Normally I’d say no, but when I truly consider my own position in this society - relatively comfortable, free from financial responsibility over others, never at risk of physically being harmed through my work - I have to recognise that I’m likely never capable of feeling the anger or desperation of people like Czolgosz. And when thinking of how people like Czolgosz and Zangara are banded together alongside fascists and madmen, I wonder whether to conclude that there must be elements of grey in my usual monochromatic code of ethics.
Even if my musings aren’t confirmed to be exactly those shared with Sondheim, a similar thought process inspired Wicked author Gregory Maguire when penning what became arguably his most famous novel. In this interview Maguire remembers seeing a news post about Saddam Hussein which dubbed him ‘the Next Hitler’. Despite identifying as a pacifist, Maguire found himself ruminating on two things - the perceptions curated in a reader’s mind through the media they consume, and the nature of evil itself. Would a pacifist such as himself, or for that matter myself, be justified in putting aside our principles and condoning violence against such a dangerous human as Saddam Hussein? Is condoning one single act of violence - an execution, a revolution, an assassination - actually more pacifistic than to stand idly by in allowing such a man to oversee countless more acts of violence? Especially when that single act is one borne from desperation to make a better life for oneself and everyone else. As the assassins sing - doesn’t everyone have the right to be happy?
This philosophy, this right to a right to be happy, is best encapsulated by Samuel Byck - attempted assassin of Richard Nixon. I would recommend listening to this monologue first. In this scene, Byck is recording a tape addressed to his intended victim whilst driving to an airport where he will be shot trying hijack a plane.
‘[I]t seems appropriate to look back at your long years of public service and to conclude that as our President, you really bit the big one. Wazoo city babe, what can I say?
And you know what—this cracks me up—I voted for you. Yes, I gave you my vote, my sacred democratic trust. And you know what you did? You pissed all over it! Ah what the hell, guys like you, you piss all over everything. You piss all over the country, you piss all over yourselves, you piss all over me. Yeah, yeah I know: "Sam, don't say it! You're my main man. Guys like you, you're the backbone of the nation. Sammy—"
(shouting) SHUT UP DICK! I'M TALKIN' NOW! ALRIGHT! I'M TALKIN' AND YOU'RE LISTENIN'!
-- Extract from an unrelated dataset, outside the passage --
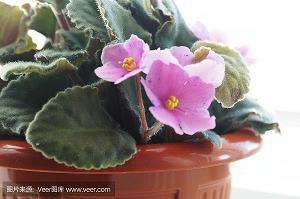 形容女子美貌的句子82句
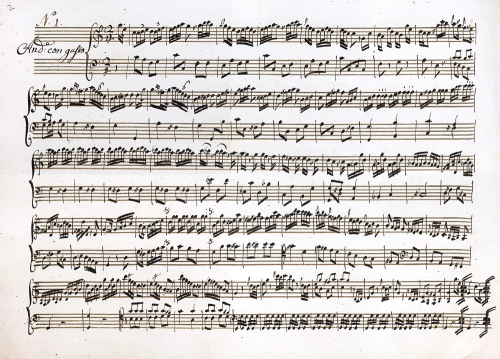 Mei - 2 Harpsichord Sonatas - Score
Here. Have you seen the papers lately? Grandma lives in packing crate. Sewage closes Jersey beaches. Saudi prince buys Howard Johnsons. What the hell is goin' on here, Dick!? It wasn't supposed to be like this. It wasn't, but it is. And schmucks like you, you're tellin' us it isn't? "Everything's fine, it's great, it's Miller time." What Miller time!? The woods are burnin', Dick. What can we do? We want to make things better. How? "Let's hold an election." Great. The Democrat says he'll fix everything the Republicans fucked up. The Republican says he'll fix everything the Democrats fucked up. Who's tellin' us the truth? Who's lyin'? Someone's lyin'—who? We read, we guess, we argue, but deep down we know that we don't know. How can we? Oil embargos, megatons, holes in the ozone—who can understand this crap?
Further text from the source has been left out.